I am running a web server on 6.2 using a custom kernel.  I would like to update the kernel to 6.4 to pick up the latest security patches, but really don't want to go through an entire OS upgrade.

What are the risks of deploying a 6.4 kernel on a 6.2 OS ?


----------



## SirDice (Oct 6, 2009)

Definitely not advised. Either update both world and kernel or neither.

Also note that security updates are not for the kernel alone. Sometimes these involve the other executables that make up the base OS.


----------



## DutchDaemon (Oct 6, 2009)

If all that compiling is not your cup of tea, try freebsd-update(8) (with freebsd-update.conf(5) / /etc/freebsd-update.conf) to update the OS/kernel (binaries) _and_ kernel sources, and rebuild the custom kernel _after_ the freebsd-update run has completed.


----------



## bschop (Oct 6, 2009)

Thanks.  The biggest problem I wanted to fix was the recent root access vulnerabilities, which are kernel specific. 

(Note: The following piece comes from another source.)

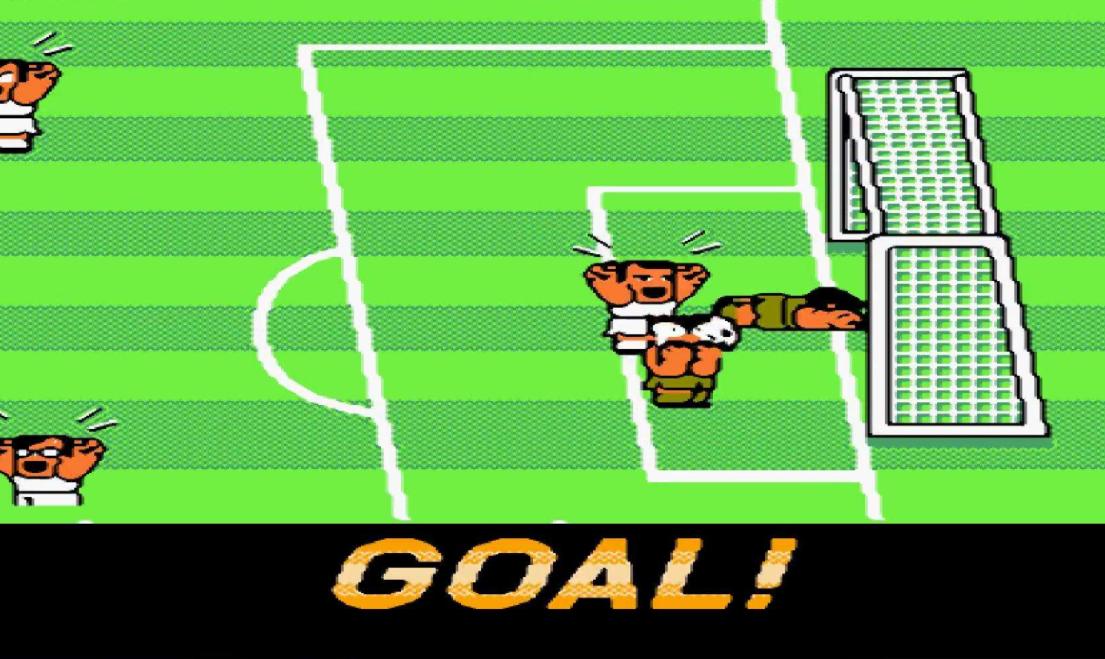 热血足球只让你记住了打架的快感？学姿势还得来实况足球遨游一番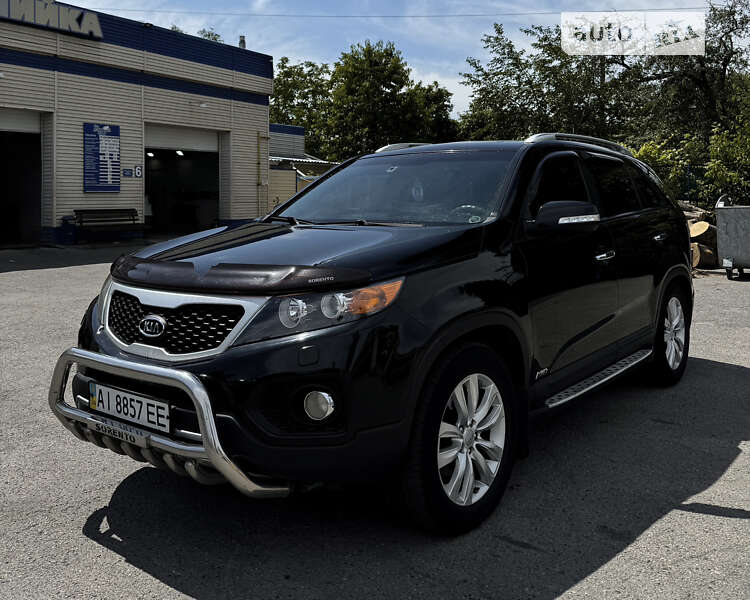 2012 kia sorento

The compiling doesn't bother me, but the server is small and doesn't have all the stuff necessary to do the work.  I've tested with freebsd-update which worked, but required a lot of manual intervention ... I actually have a number of these servers and was hoping to have this be completely scripted.

I understand now, that I shouldn't just upgrade the kernel for a minor release ... but, if I did, what kind of problems might I run into ?  I mean I did a quick test and the system came up just fine ... what might I see down the road ?  I'm just looking to determine the level of risk.

Thanks again for the advice !


----------



## Beastie (Oct 6, 2009)

Just to be safe, the kernel and world should *never* be out of sync in *any* case. It may cause even the "simplest" tools like ps(1) to malfunction.


----------